Throw away your tropical board shorts and ditch the cowrie shell necklace - that whole Surfing USA thing is so old. These days, it's all about Surfing UK...
Yes, surfers are leaving California and Australia behind and flocking to the UK, where beaches in England, Scotland and Ireland boast a previously untapped source of world-class waves.
With quality surf schools also popping up along the British coastline, offering everything from summer courses to 'surf and yoga retreats', it's never been easier to get the boarding bug. And a trip to Hastings is a lot cheaper than a visit to Hawaii to boot.

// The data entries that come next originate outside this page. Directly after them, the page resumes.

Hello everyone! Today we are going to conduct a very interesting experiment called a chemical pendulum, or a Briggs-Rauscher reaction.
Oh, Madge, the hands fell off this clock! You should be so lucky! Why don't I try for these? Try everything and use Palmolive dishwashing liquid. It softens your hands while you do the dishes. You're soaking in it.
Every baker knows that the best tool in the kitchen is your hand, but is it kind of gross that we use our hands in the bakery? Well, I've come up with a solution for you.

Of course wherever you do it, surfing is one of those hobbies that demands the proper gear - as anyone caught in a riptide without a decent wetsuit will attest. So whether you're a hardcore surfer or a beginner looking to get your feet wet, these are the gadgets you'll need to help you catch those quality waves.
1. Guts Doodlebug
The Holy Grail for surfing the UK’s varied coastline is a board that can handle conditions. The handmade Doodlebug fits the bill nicely. Its high volume provides plenty of float, while the shortboard design and tail make sure it’s fast and easy to turn. Shaped by former European Longboard Champion Chris Griffiths, it’s designed to be ridden four to six inches shorter than your normal board length, and can be given a custom paint job to help mark you out from the mass-produced hordes.
2. Vango Dry 20
Here’s your solution to carrying a dripping wetsuit around without getting the rest of your kit soaked. Made from fully waterproof ripstop nylon, the pack’s roll-top is completely sealed and can be compressed via an air valve. If your wave-hunting involves long coastal walks, a ventilated back system, sternum strap and removable waist strap keep things comfortable. There are also three external zipped pockets (two of which are waterproof) for essentials such as surf wax and spare leash.

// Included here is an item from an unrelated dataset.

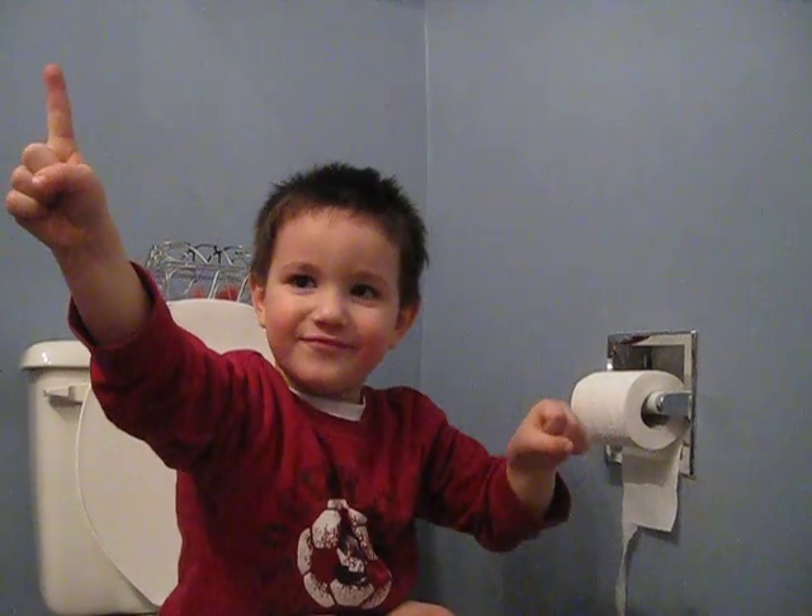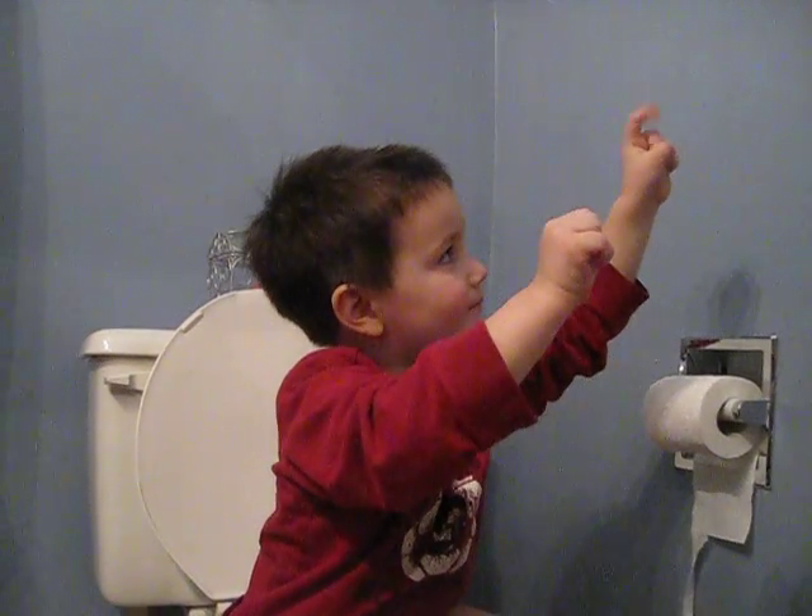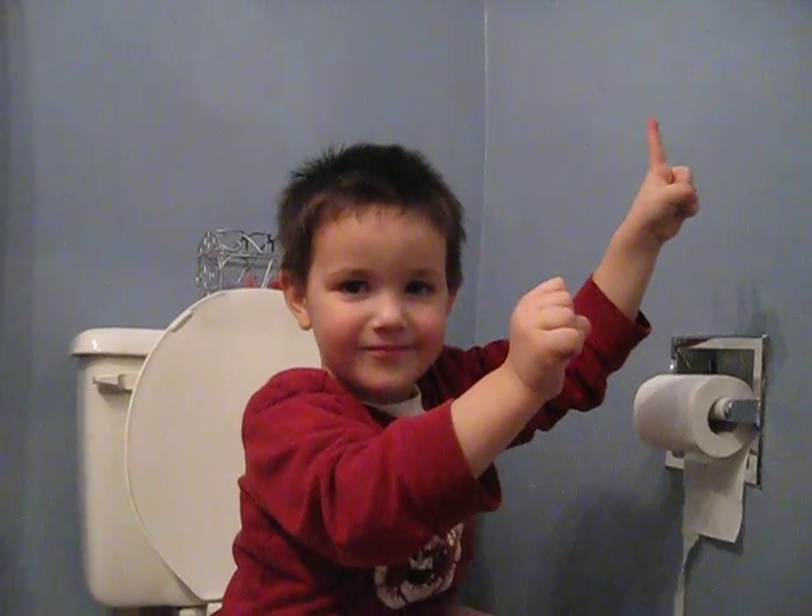Good job! Yay! There you go. That was it. You did it. Good job.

3. Patagonia Men's R3 Front-Zip Full Wetsuit
For mid-summer to autumn in the UK, you need a wetsuit that’s at least 2mm thick. The R3 fits the bill, with a mix of 2.4mm and 3.4mm-thick neoprene and a snug Merino wool lining that keeps you warm without too much bulk. Any ‘flush through’ is kept to a minimum by the one-piece front and back panels, plus internal and external neck gaskets. The seams are also triple-glued for extra durability and strength.
More after the break...
4. Finisterre Ekman Jacket
If you’re planning to stay in the UK rather than jet out to Oahu, you’ll need a post-surf jacket to help you warm up. The Ekman has a soft, brushed inner to make it comfortable against bare skin, but is also roomy enough for layering up. It’s also waterproof and breathable, packs up into its own inside zip pocket, and has an excellent adjustable hood (with enough room for beanie-wearers). Two zipped outer pockets are on hand to swallow your camera and phone.

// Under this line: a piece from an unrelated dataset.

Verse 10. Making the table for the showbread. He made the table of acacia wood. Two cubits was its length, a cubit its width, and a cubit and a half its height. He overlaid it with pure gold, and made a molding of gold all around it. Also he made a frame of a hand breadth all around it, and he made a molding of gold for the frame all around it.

5. Dragon H20 Jam Sunglasses
Even if you don’t manage to stay afloat after a wipeout, it’s always useful if your sunglasses do. These shades have a light nylon frame that helps them stay on the surface and saves you buying a new pair in the event of catastrophic slippage (unless a very fashionable seal gets there first).
Polarised lenses and complete UV protection help you see clearly in all conditions, and they’re available in six different colour schemes to help you find a match for your board.
6. Rip Curl Search GPS Watch
Triathletes have long sported GPS watches, and now it’s the turn of surfers. Rather than serve up pre-loaded wind and swell stats, the Search GPS locks on to satellites to grab the latest tide information from 1300 surfing locations around the world. Once you’re on the water, it then provides live stats such as top speed, total distance and number of waves caught, before syncing data and maps with an iOS map and Rip Curl’s site. There’s no ‘live shark cam’ available yet, though.